Sunday, January 01, 2006

The Last Post ...

... sort of. Fact is, one of my New Year's resolutions was to do a site revamp, so I've shifted to a new server (Yahoo) and a new blogging engine (Wordpress).

My intention is to have my new address at At the moment, though, there are issues to be ironed out (technical transference -- I'm not sure if the problem is at Yahoo's end or at DomainDirect, but I expect to find out by the end of this week).

In the meantime, though, I'm not letting this keep me from effective blogging. So here is my cureent, temporary blog address:

This is the site that should eventually hook into the above bill. If you have any comments about the new site, feel free to post them over there.

UPDATE (14h02): is now active!

Thursday, December 22, 2005

Happy Holidays

I suppose I could easily say "Merry Christmas," but for me Christmas is a specific day. Whereas my workplace is giving me seven off. So it's Holidays, plural.

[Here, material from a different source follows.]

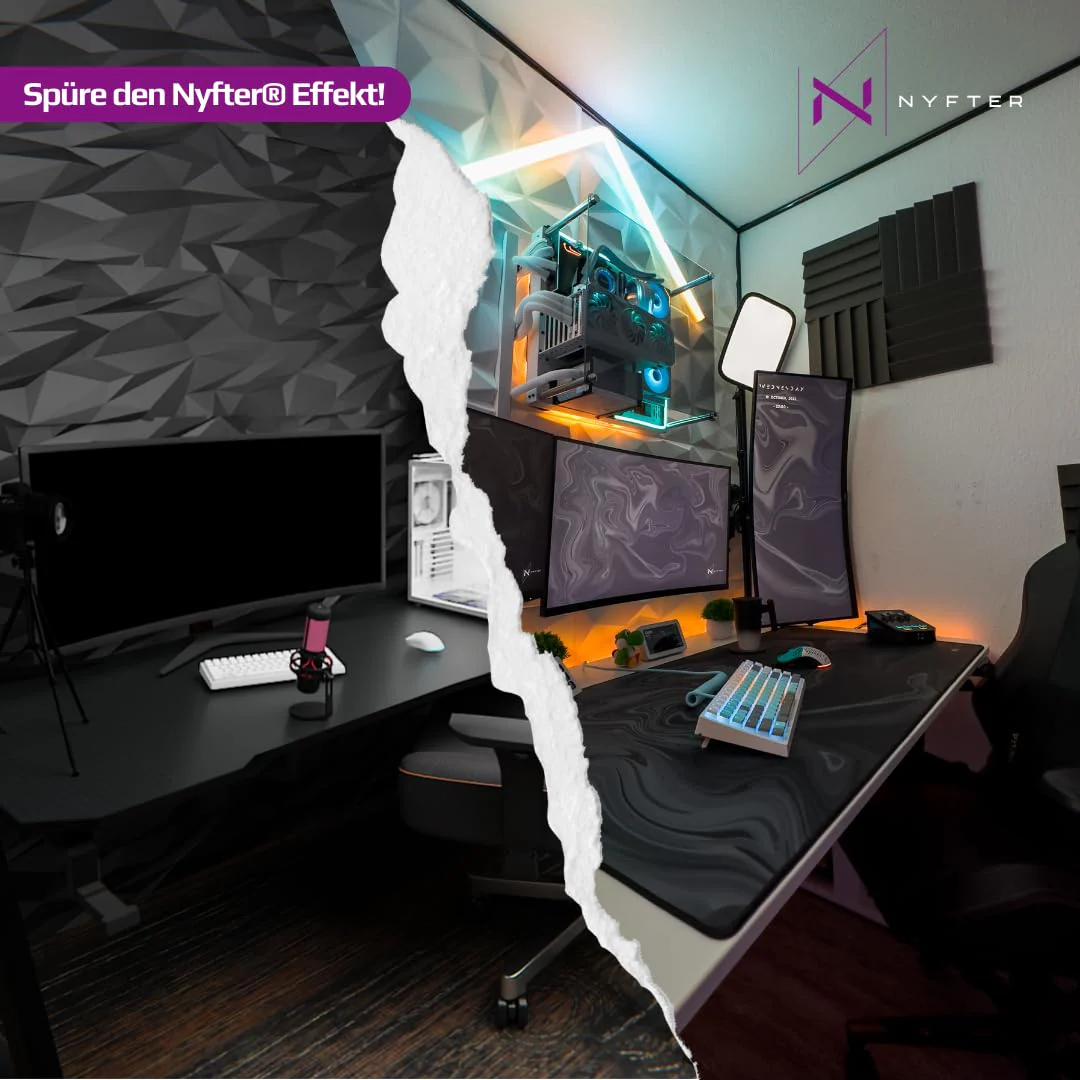 Nyfter - 60% Gaming Keyboard - NYFBOARD GEN2 Gaming Computer Tastatur mit Gateron Yellow Switches - HOT-SWAPPABLE Deutsches Tastatur QWERTZ mechanisch RGB keyboard ISO-DE Layout für Gamer (Black, 60%) - Image 2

My plans? Well, I'm taking a break from blogging, but I'm not going to ignore this blog. I'm definitely going to switch bloghosts in the New Year, using Wordpress as my new publishing platform. I'm trying to decide between (which Andrew of BBG is using) and Yahoo (which is one of the host sites recommended by Wordpress). My reason for switching is that I want some flexibility to set up RSS as well as create a more customized design.

That, of course, means artwork. I'm midway through creating a new title banner (featuring a brand-new ID logo) using Flash MX (vector-graphic illustration). I'm also creating a new graphic for the Red Ensign Brigade blogroll on my page, inspired by Castle Arrgh's graphic plus a previous effort.

I'm also spending much of Boxing Week on the road. I couldn't get to Miami this year (still too high for my budget), so I'm settling for a couple of days in Washington, DC (cue The West Wing theme). My plans include the Museum of the American Indian as well as the Spy Museum and the Air & Space Museum Udvar-Hazy Center (where the Space Shuttle Enterprise is housed). Naturally I'm taking pictures, which I'll post when I get back. I may blog, depending on whether I find an Internet cafe. (I don't plan on Blackberrying for another couple of years).

To everyone in the Brigade, the Blogging Tories and the Canadian Conversation: have a safe and comforting season.

Tuesday, December 20, 2005

Ottawa-Centre: Guess Who's Late

The Ottawa Citizen reported this morning that two of the candidates, Keith Fountain and Richard Mahoney, weren't registered as candidates. Keith posted up a refutation on his blog, complete with link to the Elections Canada website, showing that he was indeed a registered candidate.

I don't think we should jump on reporter Carly Weeks too hard; there's often a time lag between when a story is finally written up and when it's approved for publication, during which Keith's approval may have come through to be listed.

Besides, the story's still somewhat timely. Here, according to Elections Canada, is the list of registered candidates for Ottawa Centre as of 10:31 a.m., 20 December:

Candidates in your electoral district
David Chernushenko (Green Party of Canada)
Paul Dewar (New Democratic Party)
Keith Fountain (Conservative Party of Canada)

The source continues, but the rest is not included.